Caption-style text data:
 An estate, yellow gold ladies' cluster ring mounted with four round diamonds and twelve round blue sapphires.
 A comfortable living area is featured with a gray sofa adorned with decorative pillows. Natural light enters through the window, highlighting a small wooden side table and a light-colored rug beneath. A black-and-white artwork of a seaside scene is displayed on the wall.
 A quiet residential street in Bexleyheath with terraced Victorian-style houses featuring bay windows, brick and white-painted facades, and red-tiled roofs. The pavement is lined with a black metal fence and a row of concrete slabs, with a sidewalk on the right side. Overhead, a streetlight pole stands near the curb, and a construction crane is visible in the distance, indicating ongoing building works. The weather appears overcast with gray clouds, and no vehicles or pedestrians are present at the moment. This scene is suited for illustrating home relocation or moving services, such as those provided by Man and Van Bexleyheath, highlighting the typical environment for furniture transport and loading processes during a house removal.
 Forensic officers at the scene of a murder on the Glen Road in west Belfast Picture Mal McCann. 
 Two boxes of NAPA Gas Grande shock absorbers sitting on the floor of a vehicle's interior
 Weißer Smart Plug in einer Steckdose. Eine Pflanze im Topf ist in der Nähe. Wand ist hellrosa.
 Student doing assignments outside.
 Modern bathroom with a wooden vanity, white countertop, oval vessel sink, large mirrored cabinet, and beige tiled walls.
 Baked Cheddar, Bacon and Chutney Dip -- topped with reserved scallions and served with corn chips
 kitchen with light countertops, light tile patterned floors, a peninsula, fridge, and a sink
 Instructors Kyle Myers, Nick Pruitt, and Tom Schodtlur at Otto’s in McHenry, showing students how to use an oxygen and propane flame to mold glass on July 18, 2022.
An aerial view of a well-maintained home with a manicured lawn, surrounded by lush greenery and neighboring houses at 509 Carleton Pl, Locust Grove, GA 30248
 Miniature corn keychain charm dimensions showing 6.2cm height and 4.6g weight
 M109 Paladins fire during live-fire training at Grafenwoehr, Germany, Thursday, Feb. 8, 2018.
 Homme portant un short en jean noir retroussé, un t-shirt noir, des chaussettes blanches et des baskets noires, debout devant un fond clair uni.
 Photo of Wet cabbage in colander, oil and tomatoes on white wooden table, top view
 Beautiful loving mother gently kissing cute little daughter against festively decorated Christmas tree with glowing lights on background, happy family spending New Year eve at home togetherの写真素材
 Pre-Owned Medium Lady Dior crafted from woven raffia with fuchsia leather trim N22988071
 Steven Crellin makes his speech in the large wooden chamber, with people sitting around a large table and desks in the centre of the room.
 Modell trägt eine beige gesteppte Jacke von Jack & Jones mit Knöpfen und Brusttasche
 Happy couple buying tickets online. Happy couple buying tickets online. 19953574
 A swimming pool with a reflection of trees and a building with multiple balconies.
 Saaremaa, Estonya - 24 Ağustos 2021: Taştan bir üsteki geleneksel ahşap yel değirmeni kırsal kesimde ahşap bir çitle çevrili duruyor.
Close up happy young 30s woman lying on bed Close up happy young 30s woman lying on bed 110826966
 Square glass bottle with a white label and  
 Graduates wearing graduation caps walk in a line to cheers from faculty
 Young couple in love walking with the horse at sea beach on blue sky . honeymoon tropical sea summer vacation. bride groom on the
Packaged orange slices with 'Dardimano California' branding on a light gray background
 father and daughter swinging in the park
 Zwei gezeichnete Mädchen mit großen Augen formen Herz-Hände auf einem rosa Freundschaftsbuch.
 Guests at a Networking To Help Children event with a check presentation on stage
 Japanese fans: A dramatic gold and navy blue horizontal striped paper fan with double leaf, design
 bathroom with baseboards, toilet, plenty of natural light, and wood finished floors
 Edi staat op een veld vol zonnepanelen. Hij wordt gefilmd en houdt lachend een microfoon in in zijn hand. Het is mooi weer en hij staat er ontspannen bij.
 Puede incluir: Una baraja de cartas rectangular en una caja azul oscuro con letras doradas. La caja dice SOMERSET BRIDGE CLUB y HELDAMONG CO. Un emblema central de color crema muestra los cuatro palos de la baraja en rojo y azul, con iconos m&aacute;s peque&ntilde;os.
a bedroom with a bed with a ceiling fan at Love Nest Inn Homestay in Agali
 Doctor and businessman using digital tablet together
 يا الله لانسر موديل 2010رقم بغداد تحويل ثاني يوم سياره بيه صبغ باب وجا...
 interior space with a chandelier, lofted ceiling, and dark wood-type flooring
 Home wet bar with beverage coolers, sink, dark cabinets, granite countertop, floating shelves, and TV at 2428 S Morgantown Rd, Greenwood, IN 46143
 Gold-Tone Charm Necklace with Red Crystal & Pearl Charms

• _Requirement_: Given the records above, reproduce precisely and only the lines between the line holding "Graduates wearing graduation" and the line holding "Zwei gezeichnete Mädchen", inclusive.

• _Answer box_:
 Graduates wearing graduation caps walk in a line to cheers from faculty
 Young couple in love walking with the horse at sea beach on blue sky . honeymoon tropical sea summer vacation. bride groom on the
Packaged orange slices with 'Dardimano California' branding on a light gray background
 father and daughter swinging in the park
 Zwei gezeichnete Mädchen mit großen Augen formen Herz-Hände auf einem rosa Freundschaftsbuch.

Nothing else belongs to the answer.